No. 5 (Maintenance) Group RAAF was a Royal Australian Air Force (RAAF) group of World War II. It was formed in June 1942 as part of a reorganisation of the air force that saw maintenance functions transferred from area commands to dedicated functional groups. No. 5 (Maintenance) Group was disbanded following the war in January 1946.

==History==
On 23 May 1942, Australian Prime Minister John Curtin agreed to a proposal made by Air Vice-Marshal George Jones, the RAAF Chief of the Air Staff, to establish up to five maintenance groups as part of a broader reorganisation of the air force along semi-functional, semi-geographical lines. These groups were to be tasked with supporting the RAAF's five operational area commands.

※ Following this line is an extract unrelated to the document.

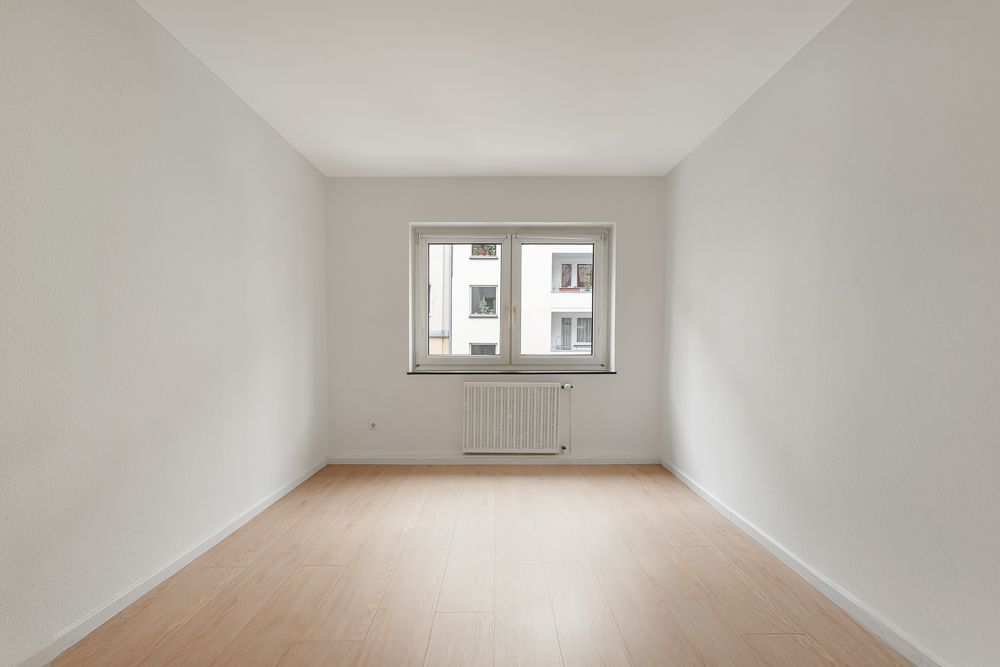 Leerer Raum mit hellem Holzboden, weißer Wand und Fenster mit Heizkörper darunter.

No. 5 (Maintenance) Group was the first of these groups to be established, and was formed on 1 June 1942. Its inaugural commanding officer was Group Captain D.E.L. Wilson, and the group's headquarters was located in the Sydney suburb of Darling Point. In the event, the only other maintenance group to be formed was No. 4, which was established on 14 September 1942. No. 5 Group was responsible for administering the RAAF maintenance units located in the Australian states of New South Wales and Queensland, as well as the city of Noumea in New Caledonia. As of early 1943, the group reported directly to RAAF Headquarters.

Following the end of the war, No. 5 Group was disbanded at Sydney on 13 January 1946.